Dataset records
------------------------------------------------------------------------
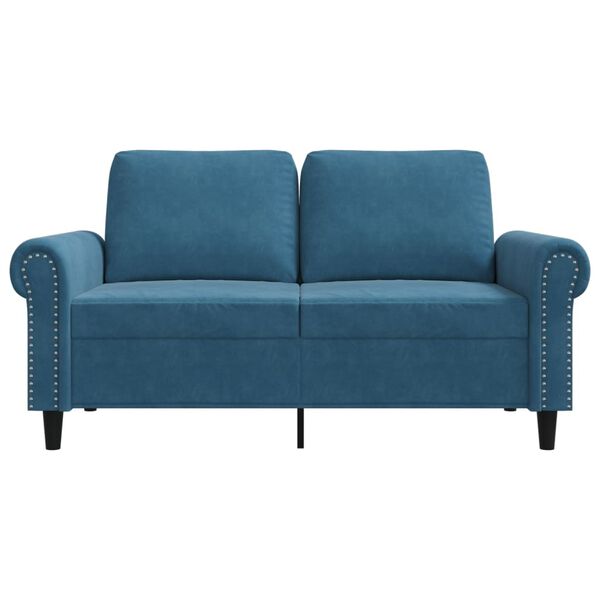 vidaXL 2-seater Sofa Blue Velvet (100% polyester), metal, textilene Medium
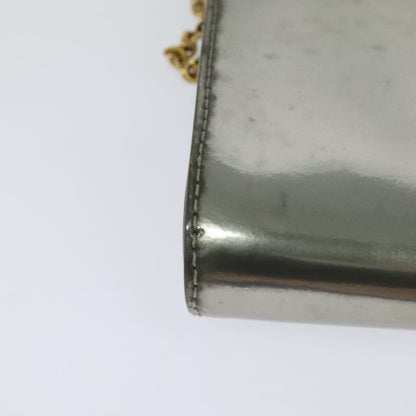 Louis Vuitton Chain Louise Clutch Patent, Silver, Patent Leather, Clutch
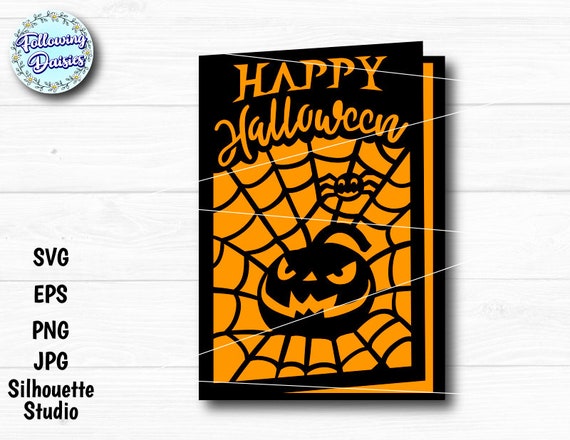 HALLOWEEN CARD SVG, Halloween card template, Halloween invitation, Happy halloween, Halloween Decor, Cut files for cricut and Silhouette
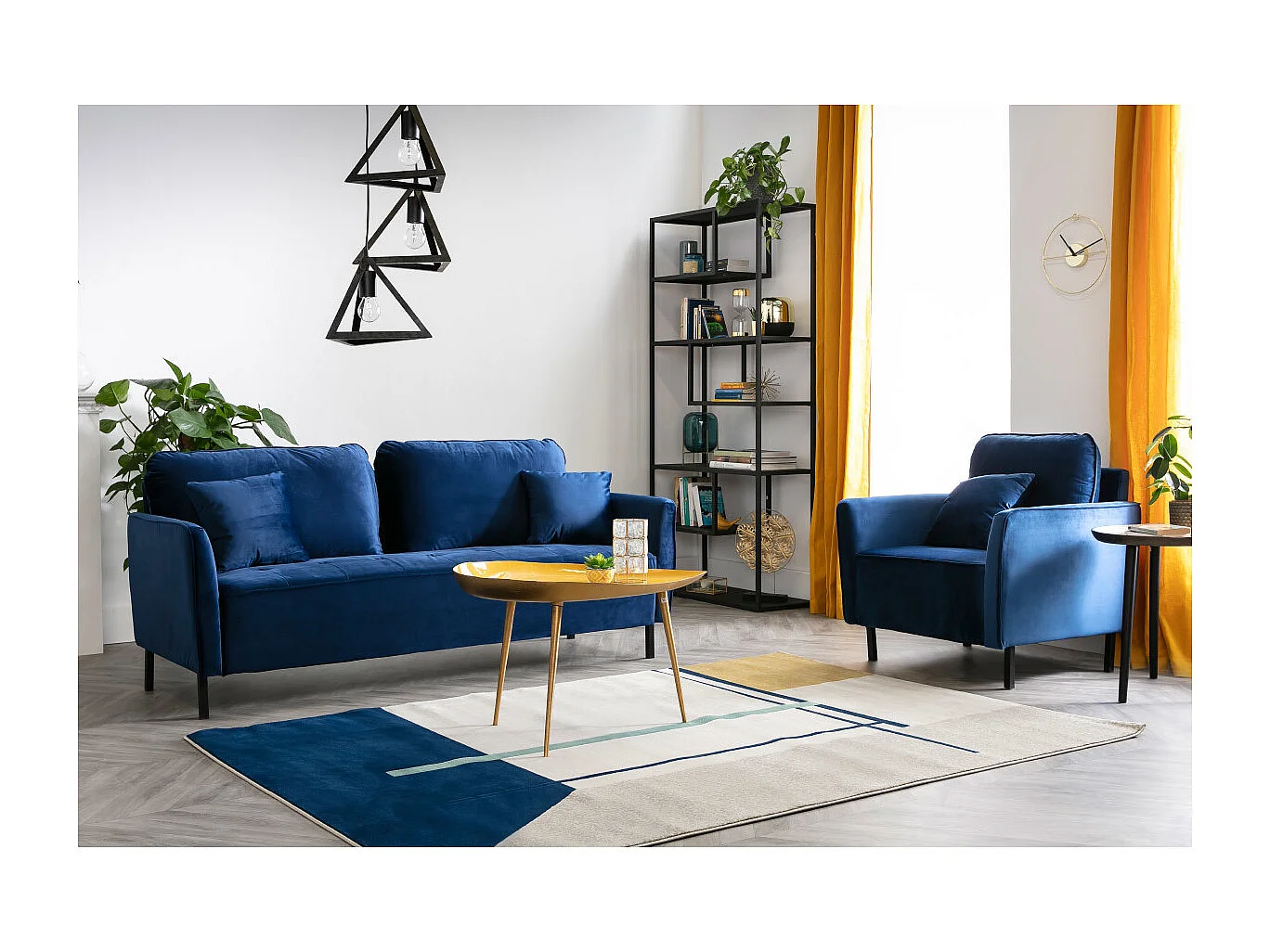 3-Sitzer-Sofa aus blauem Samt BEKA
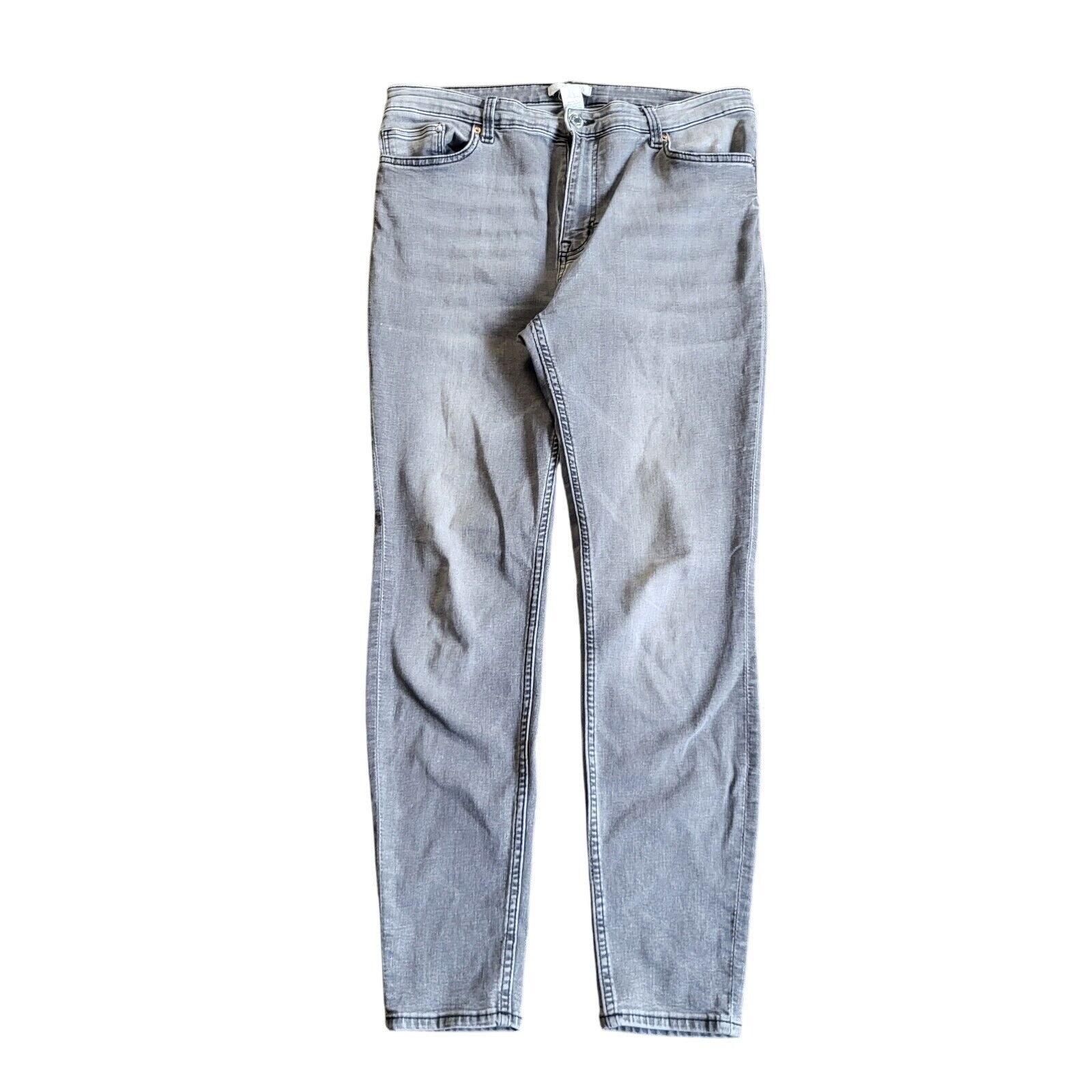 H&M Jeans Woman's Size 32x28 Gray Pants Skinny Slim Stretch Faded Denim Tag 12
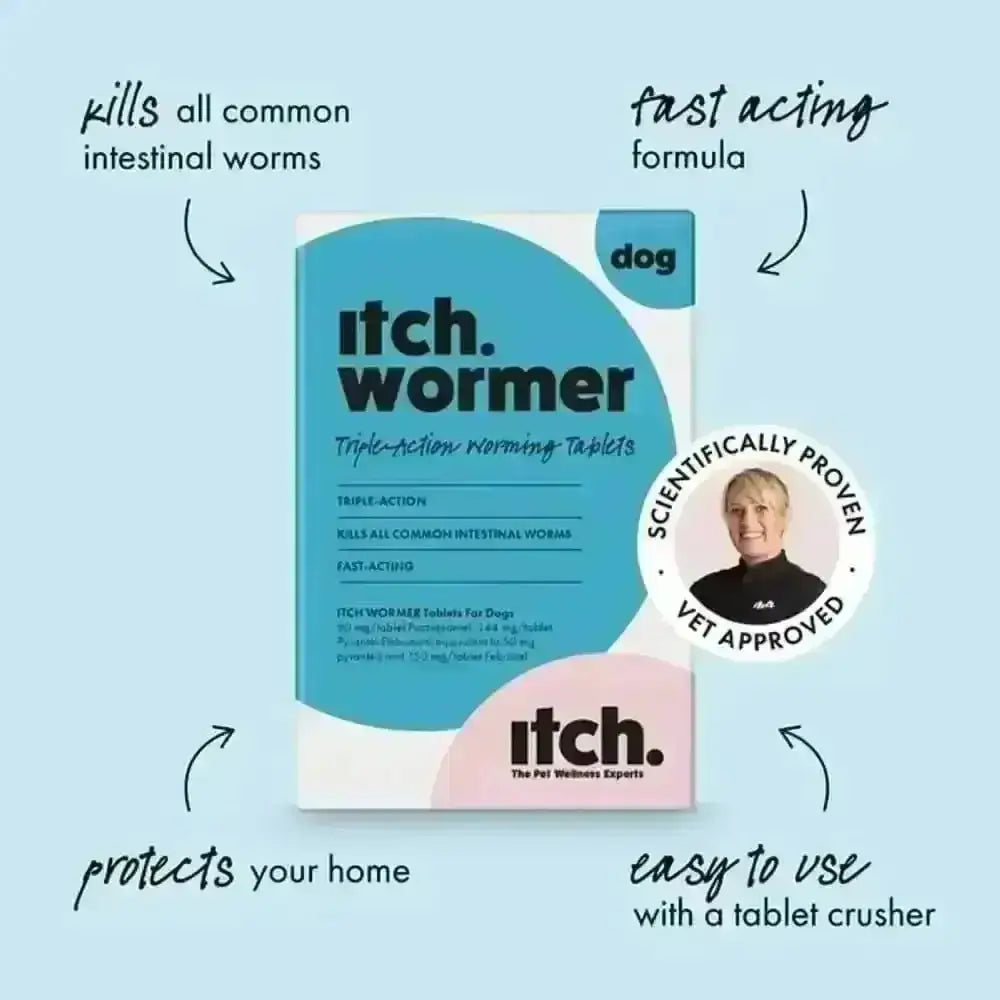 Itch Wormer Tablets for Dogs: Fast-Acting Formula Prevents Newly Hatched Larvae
------------------------------------------------------------------------
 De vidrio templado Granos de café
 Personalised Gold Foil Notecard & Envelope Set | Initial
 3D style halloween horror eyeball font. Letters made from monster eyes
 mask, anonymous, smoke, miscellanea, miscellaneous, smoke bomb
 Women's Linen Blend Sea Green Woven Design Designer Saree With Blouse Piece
------------------------------------------------------------------------
Please output the lines above beginning at the line with "HALLOWEEN CARD SVG, Halloween" and ending after the line with "H&M Jeans Woman's", precisely as written and with no pictures.

 HALLOWEEN CARD SVG, Halloween card template, Halloween invitation, Happy halloween, Halloween Decor, Cut files for cricut and Silhouette
 3-Sitzer-Sofa aus blauem Samt BEKA
 H&M Jeans Woman's Size 32x28 Gray Pants Skinny Slim Stretch Faded Denim Tag 12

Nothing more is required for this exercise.